To address privacy leakage and statistical distortion arising from entire feature-block missingness in vertical federated learning (VFL) under MCAR/MAR mechanisms, this paper proposes the first Gaussian copula-based privacy-preserving distributed data sharing framework. We introduce vertical distributional attribute differential privacy (VDADP) and design three algorithms—VCDS, EVCDS, and its iterative variant IEVCDS—that support heterogeneous data types and task-agnostic collaborative modeling. Our approach employs debiased randomized response to estimate private correlation matrices and combines nonparametric marginal distribution estimation to securely infer copula parameters under missingness. We theoretically establish consistency of generalized linear model (GLM) coefficient estimation and variable selection. Experiments on synthetic and real-world datasets demonstrate significant improvements over baselines, achieving high statistical utility even under strong privacy guarantees (ε ≤ 2).

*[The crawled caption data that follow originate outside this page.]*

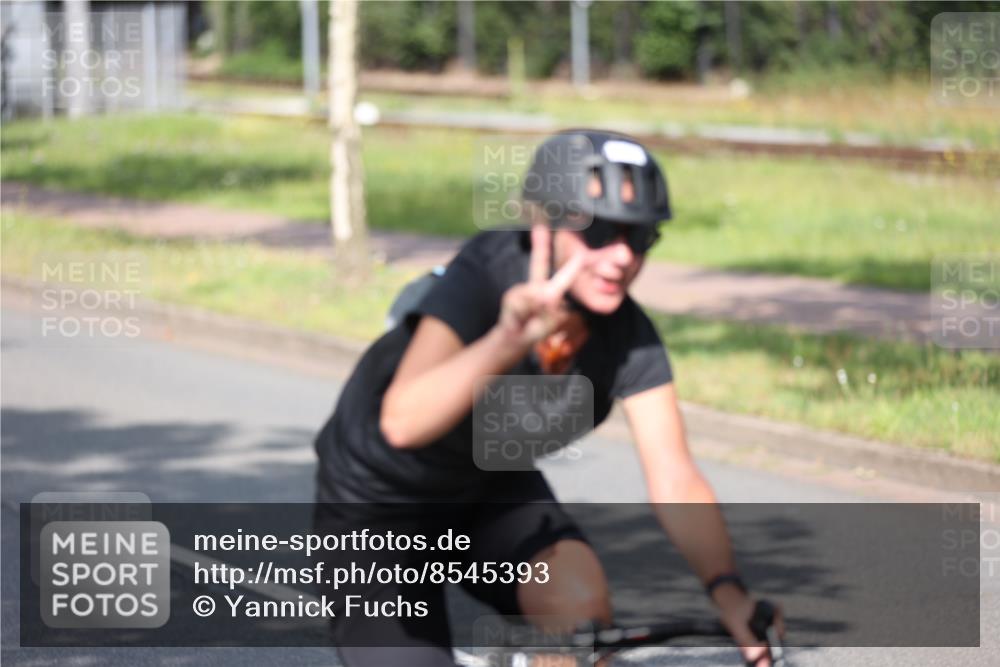 10.08.2025 - GEWOBA Citytriathlon Bremen Yannick Fuchs http://msf.ph/oto/8545393 10.08.2025 11:05:53 Radfahren 179, 217 meine-sportfotos.de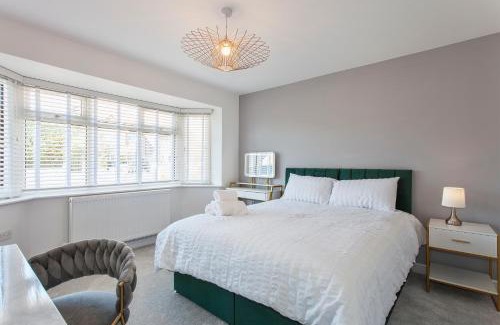 Woodley Casa | Free Parking 14-Bed Home Large Groups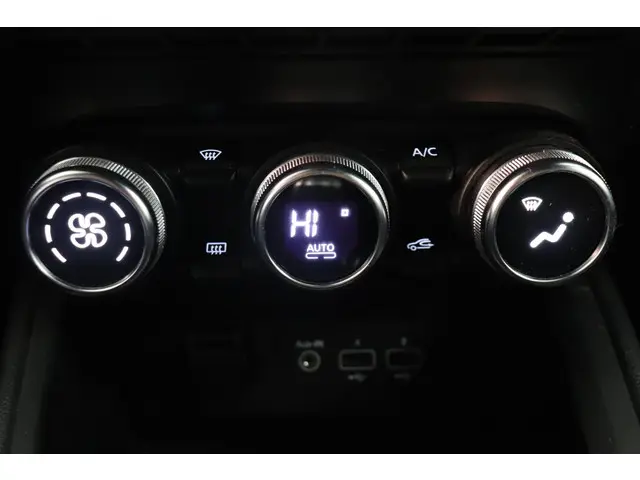 Renault Clio 1.0 TCe Intens 2020 Benzine 32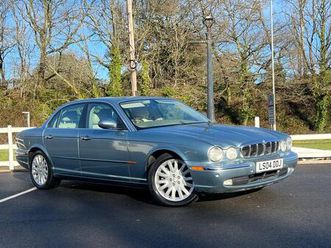 4.2 xj8 se 4dr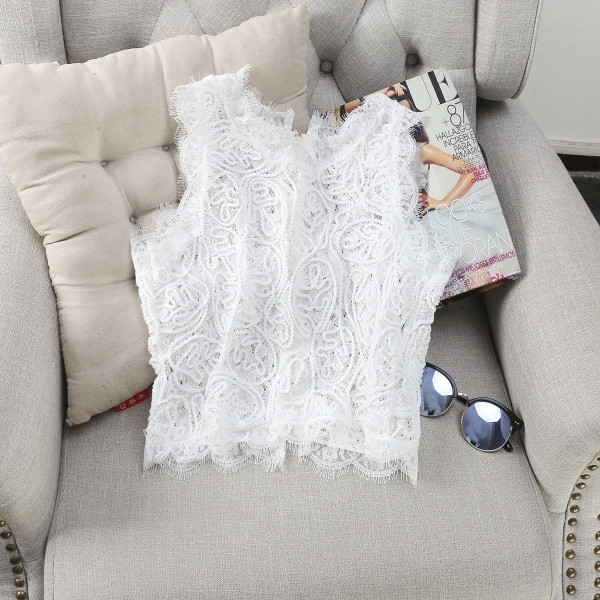 Дамски дантелен потник с О-образна яка, къс модел, в черен, бял и бежов цвят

Vertical Federated Learning (VFL) often suffers from client-wise missingness, where entire feature blocks from some clients are unobserved, and conventional approaches are vulnerable to privacy leakage. We propose a Gaussian copulabased framework for VFL data privatization under missingness constraints, which requires no prior specification of downstream analysis tasks and imposes no restriction on the number of analyses. To privately estimate copula parameters, we introduce a debiased randomized response mechanism for correlation matrix estimation from perturbed ranks, together with a nonparametric privatized marginal estimation that yields consistent CDFs even under MAR. The proposed methods comprise VCDS for MCAR data, EVCDS for MAR data, and IEVCDS, which iteratively refines copula parameters to mitigate MAR-induced bias. Notably, EVCDS and IEVCDS also apply under MCAR, and the framework accommodates mixed data types, including discrete variables. Theoretically, we introduce the notion of Vertical Distributed Attribute Differential Privacy (VDADP), tailored to the VFL setting, establish corresponding privacy and utility guarantees, and investigate the utility of privatized data for GLM coefficient estimation and variable selection. We further establish asymptotic properties including estimation and variable selection consistency for VFL-GLMs. Extensive simulations and a real-data application demonstrate the effectiveness of the proposed framework.